Dennoch hat es das Kulturdorf Reinsberg gemeinsam mit seinem Kulturmanagement, den „KuraTanten“, im Vorjahr geschafft, zu mehreren (auch sehr gut besuchten) Veranstaltungen einzuladen – natürlich immer unter strengster Einhaltung der Covid-Maßnahmen.

Einfache Zeiten sind das nicht. Angesichts der aktuellen Situation sowie der Mindereinnahmen durch Ertragsanteile oder fehlende Saalmieten stand die Vertragsänderung, die in die Vertragsauflösung samt Neuverhandlung des Kulturmanagements mündete, in der jüngsten Gemeinderatssitzung auf der Agenda. Diese betrifft die Kooperation ab dem Jahr 2022. Bis dahin läuft aber alles nach Plan ab.

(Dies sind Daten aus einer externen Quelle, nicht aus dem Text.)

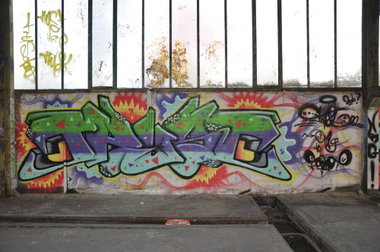 Graffiti Wall - Photo by energis - Trust, NRG, France (2011)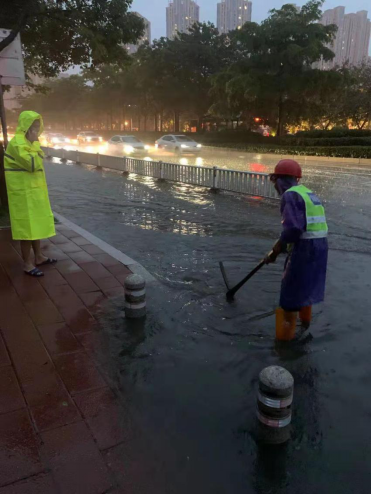 奏响防汛三重音 雨季不难寻禹迹——高新区水务公司高效完成排涝工作266.png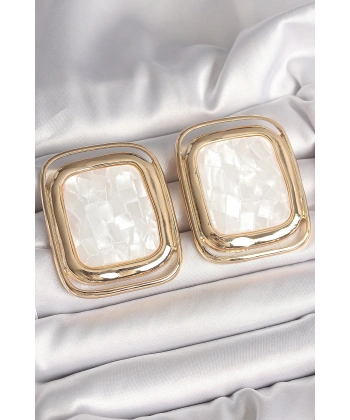 Pirinç Gold Renk Beyaz Mineli Kare Model Kadın Küpe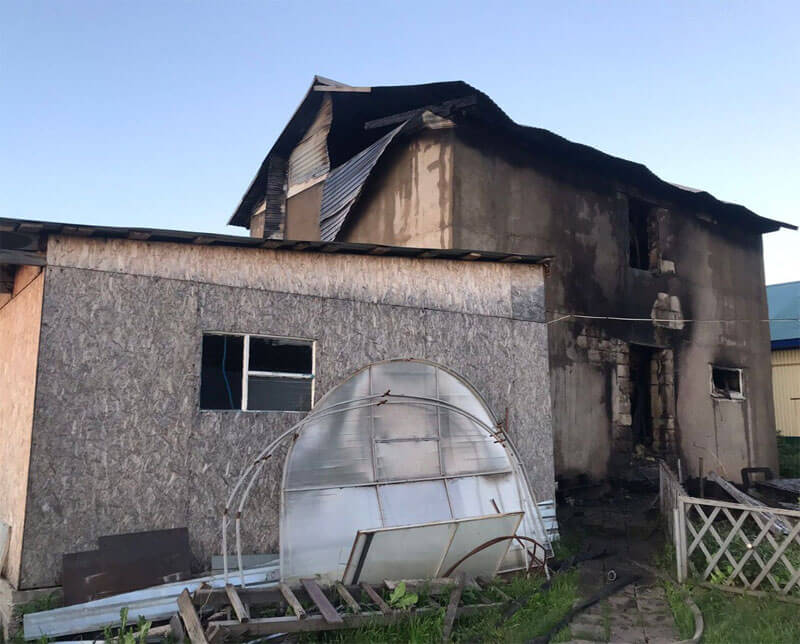 В Башкирии во время тушения пожара в деревянном доме обнаружили тела двух мужчин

„Wir müssen einfach darüber sprechen, weil wir noch nicht wissen, wie sich alles in Bezug auf Corona entwickelt“, sagt VP-Bürgermeister Franz Faschingleitner. Die „KuraTanten“, Katrin Karall-Semler und Katharina Hohenberger, kuratieren ein Ganzjahresprogramm. Deshalb muss die vertragliche Auflösung für 2022 rechtzeitig bis März besprochen werden. „Da eine seriöse Aussicht zu stellen, ist momentan nicht möglich“, sagt Faschingleitner.

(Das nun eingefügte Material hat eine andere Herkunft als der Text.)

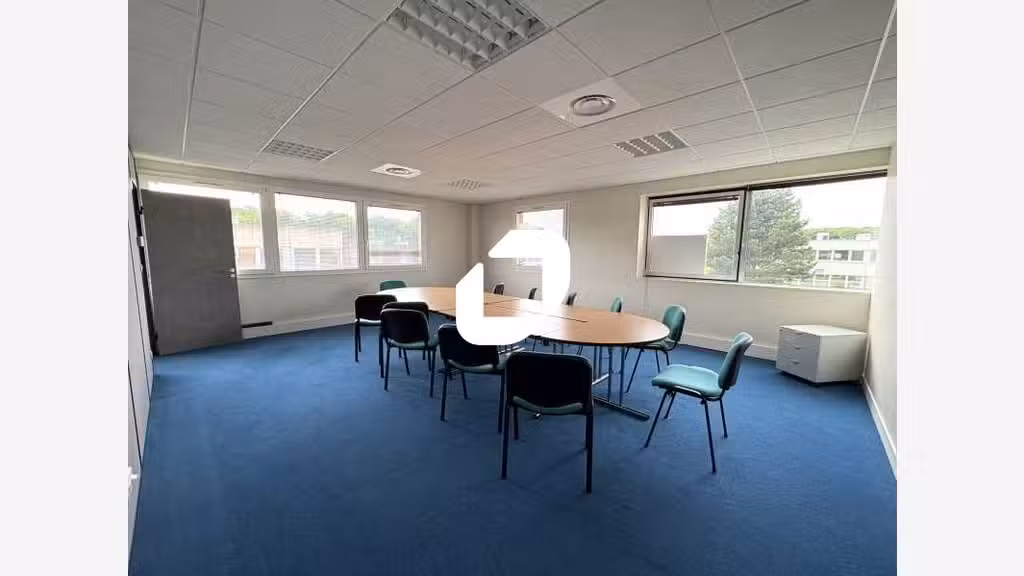 A louer Bureaux 201m² Bievres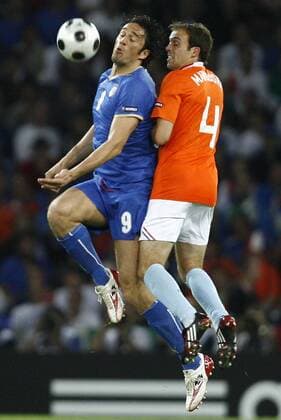 Luca Toni (Italien, li.) gegen Joris Mathijsen (Niederlande) -  Fußball EM Herren EURO 2008, Länderspiel, Nationalmannschaft, Nationaltrikot Gruppe Bern Dynamik, Fußball EM Herren EURO 2008, Länderspiel, Nationalmannschaft, Nationaltrikot Gruppe Bern Dynamik,
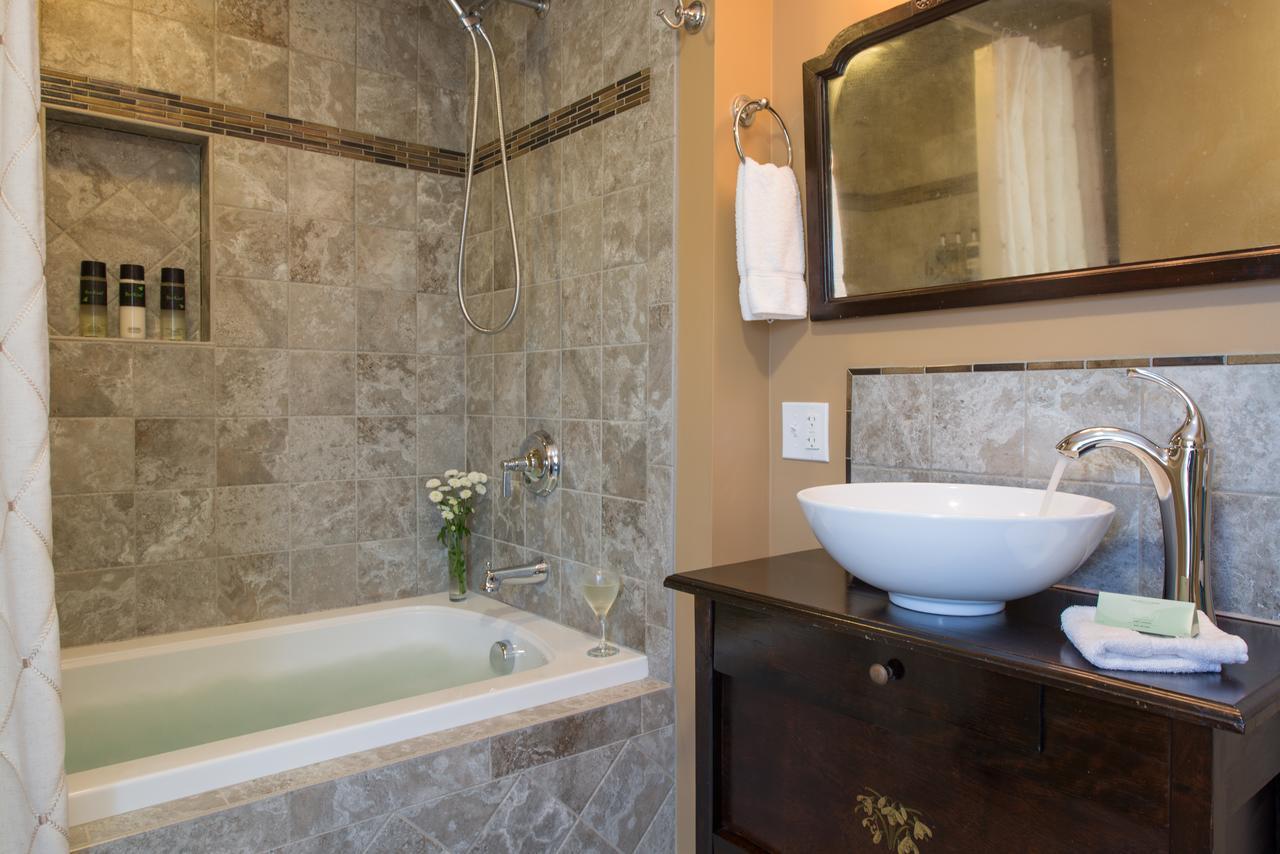 Golden Stage Inn Proctorsville Екстериор снимка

„Wir stellen uns auf die jeweilige Situation ein“

Bis dahin liegt der Fokus klar am heurigen Jahr. Das Konzert am 23. Jänner mit Maria Bill musste zwar abgesagt werden, die weiteren Veranstaltungen sollen aber stattfinden. Auch das Land NÖ steht hinter dem Kulturdorf und unterstützte es neben dem dreijährigen Fördervertrag (90.000 Euro pro Jahr) auch mit einer Covid-Nachförderung für das Jahr 2020.

Die Nachförderung für 2021 wurde bereits in Aussicht gestellt. „Wir sind flexibel und stellen uns auf die jeweilige Situation ein. Falls sich etwas ändert, können Tickets eingetauscht werden und es gibt regelmäßig Newsletter, in denen das Publikum informiert wird“, berichtet Katrin Karall-Semler.

In Bezug auf die coronabedingte Platzbeschränkung gibt es gute Nachrichten: Spörk und Landstreich spielen am 17. April gleich zwei Vorstellungen. Wenn die Nachfrage groß ist und der Künstler dazu bereit, könnten auch andere Veranstaltungen doppelt gespielt werden.